The first public meetings for Canada's Commission on the Future of Health Care yielded a fair dose of hand-wringing and the predictable mix of prescriptions, ranging from pumping more money into the system to overhauling health care delivery models. Of course, Commissioner Roy Romanow scrupulously insisted that he couldn't possibly prejudge the ultimate outcome of his 18-month fact-finding mission, which will issue its report in November 2002 .
But the meetings did yield a measure of consensus that the system needs long-term solutions, including possible revisions involving medicare's holy of holies, the Canada Health Act (CHA).
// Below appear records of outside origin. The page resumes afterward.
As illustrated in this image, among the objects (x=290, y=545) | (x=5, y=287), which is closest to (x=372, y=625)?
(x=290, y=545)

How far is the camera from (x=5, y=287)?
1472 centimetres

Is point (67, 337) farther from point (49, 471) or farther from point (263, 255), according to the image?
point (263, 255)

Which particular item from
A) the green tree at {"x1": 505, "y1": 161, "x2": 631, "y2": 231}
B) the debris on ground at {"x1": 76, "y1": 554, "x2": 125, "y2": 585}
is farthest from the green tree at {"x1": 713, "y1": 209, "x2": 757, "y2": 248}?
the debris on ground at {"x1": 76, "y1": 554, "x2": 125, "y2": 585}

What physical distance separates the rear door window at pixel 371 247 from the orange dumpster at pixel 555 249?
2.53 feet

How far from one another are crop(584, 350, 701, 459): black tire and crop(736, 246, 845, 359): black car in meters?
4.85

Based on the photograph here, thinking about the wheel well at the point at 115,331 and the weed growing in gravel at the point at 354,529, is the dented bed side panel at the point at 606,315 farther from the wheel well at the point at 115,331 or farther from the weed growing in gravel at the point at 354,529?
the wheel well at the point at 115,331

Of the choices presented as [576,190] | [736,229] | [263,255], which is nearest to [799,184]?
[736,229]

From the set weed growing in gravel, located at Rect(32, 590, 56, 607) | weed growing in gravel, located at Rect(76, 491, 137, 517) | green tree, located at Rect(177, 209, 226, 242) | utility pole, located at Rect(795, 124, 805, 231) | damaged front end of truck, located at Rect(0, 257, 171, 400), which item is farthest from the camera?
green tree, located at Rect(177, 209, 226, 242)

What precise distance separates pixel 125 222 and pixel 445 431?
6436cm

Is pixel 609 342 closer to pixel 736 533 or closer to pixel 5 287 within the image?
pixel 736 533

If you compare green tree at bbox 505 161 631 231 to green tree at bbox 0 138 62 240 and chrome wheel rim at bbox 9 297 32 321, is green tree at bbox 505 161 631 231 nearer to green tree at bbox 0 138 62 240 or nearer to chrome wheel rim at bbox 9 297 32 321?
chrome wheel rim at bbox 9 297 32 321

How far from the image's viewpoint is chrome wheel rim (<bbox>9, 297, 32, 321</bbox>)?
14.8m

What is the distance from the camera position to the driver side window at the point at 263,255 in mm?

“It needs to re-examined,” says the former Saskatchewan premier, who is to report back to the federal government in November 2002. Following his 3-hour public meeting with 5 health experts in late June, Romanow told reporters that the CHA was originally intended to cover only physician and hospital costs, and that private health spending now accounts for about 30% of the total. He now senses a “convergence” of opinion on the need to revise the legislation. “There's a danger signal — don't open it up because it may lead to privatization. But if you can — specifically, in a targeted way, look at ways of strengthening it in order to improve the policy administrative system — [then] carefully do that.”
Martha Jackman, a professor of constitutional law at the University of Ottawa, argued that the CHA's greatest weakness is its failure to provide universal coverage of drug, home-care, dental and eye-care costs. “A single-payer system is more economically efficient and it's a better model for ensuring access for people who don't have money,” Jackman later told CMAJ.
But Michael Mendelson, a senior scholar at the Caledon Institute of Social Policy, says the federal role “should be only at the level of establishing general principles. The rest is really up to the provinces in delivery and I think that we would be best to allow provinces to experiment with the diversity of delivery models.”
Earlier, Mendelson argued that the system needs an independent third party to resolve intergovernmental disputes. “It's important that it not be a quasi-judicial legalistic board but an advisory board focused on health policy and goals.”
Romanow, who has contacted the Swedish government to discuss how user fees have affected its health care system, also stressed that he hasn't ruled out the possibility of recommending changes such as user fees in his final report.